As a second annuity, an ideal choice might be a deferred income annuity (DIA), a high-paying immediate annuity that delays payments until you elect to receive them – usually years down the road. This gives you a second pension in the future, when you’re no longer working even part-time, and one fatter than other annuities because the insurance company isn’t on the hook to make payments as long.
In addition to the basic FIA, you can also buy a tax-advantaged Qualified Longevity Contract, or QLAC, with funds in your traditional IRA. These defer the Require Minimum Distribution (RMD) requirement at age 70 ½ on a portion of our IRA until as late as age 85. You can defer the RMD on 25% of your IRA or $125,000, whichever is less.
To appreciate the allure of a DIA, consider, as an example, a man who buys an immediate annuity from New York Life at age 68 and starts collecting $1,000 a month for life. This cost about $170,000. But if the same man bought the annuity 10 years earlier, at 58, and waited 10 years to collect, he would pay only $120,000 for the same income of $1,000 monthly for life.

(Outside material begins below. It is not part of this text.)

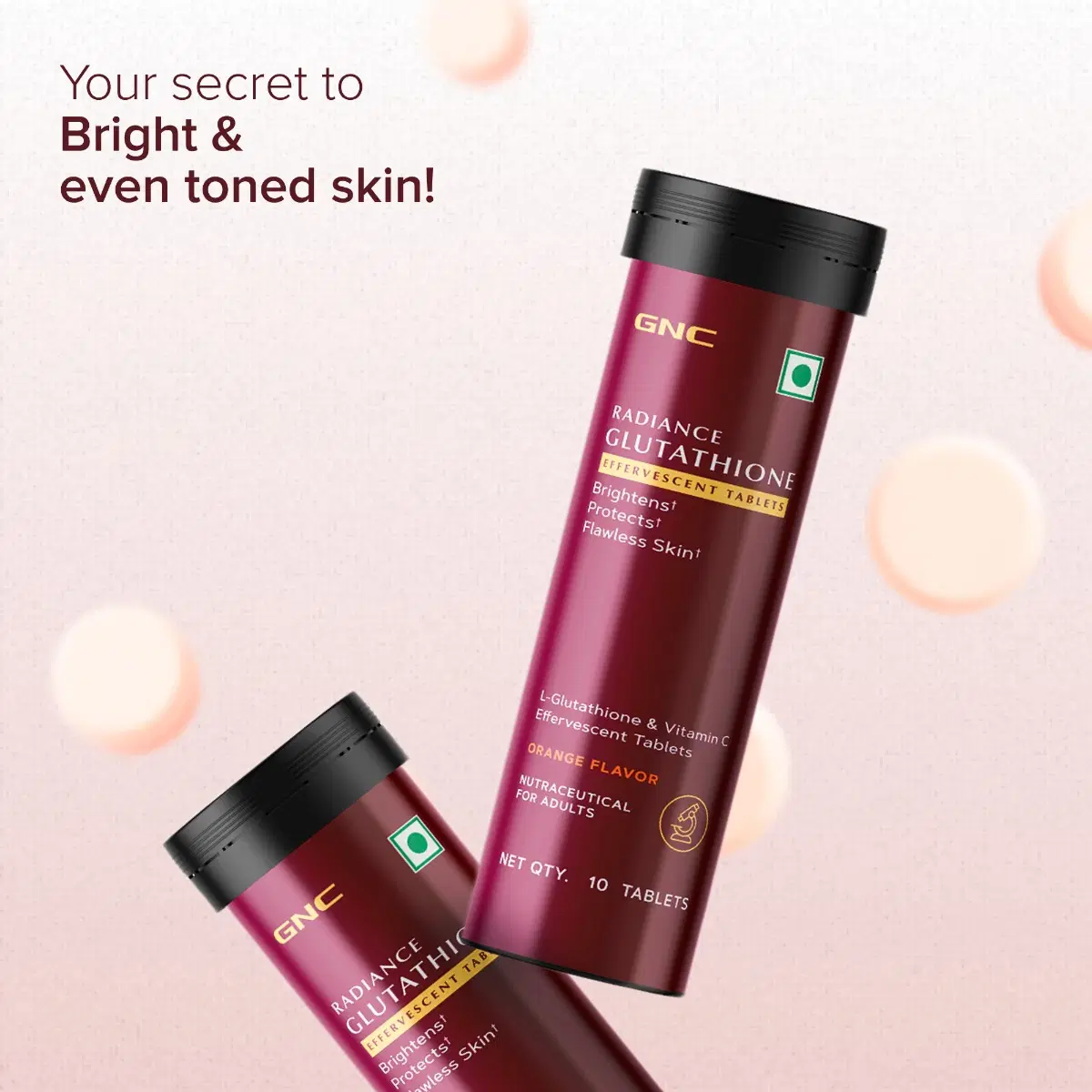 GNC Radiance Glutathione Effervescent Tablets | 10 Gluten-Free Tablets | Radiant Skin with Powerful Antioxidant Support | Your Skin Revitalization Partner GNC Radiance Glutathione Effervescent Tablets | 10 Gluten-Free Tablets | Radiant Skin with Powerful Antioxidant Support | Your Skin Revitalization Partner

The one catch with a DIA is uncertainty about how long you will live. If you don’t live long, it’s a bad deal. Some DIA buyers sidestep this, however, by buying a cash refund policy, which reimburses all the principal to a beneficiary in the event of your premature death.
If you want a portion of the additional income today, rather than in the future, another option is to split your investment and buy two annuities – a DIA, plus a fixed immediate annuity, which pays more, partly because you sacrifice your principal.
Many annuity owners are unaware of split annuity strategies. If this appeals to you, make sure you are comfortable with sacrificing principal. And again, you need to have a reasonable expectation of living a normal lifespan to get your money’s worth. Both of these annuities require longevity to make sense.
As in all cases of a potential annuity purchase, make sure you do your homework, pick a good financial adviser, ask lots of questions and carefully read all the fine print when you get your paperwork. A second annuity, like your first one, is a sizable investment, and you want to get it right.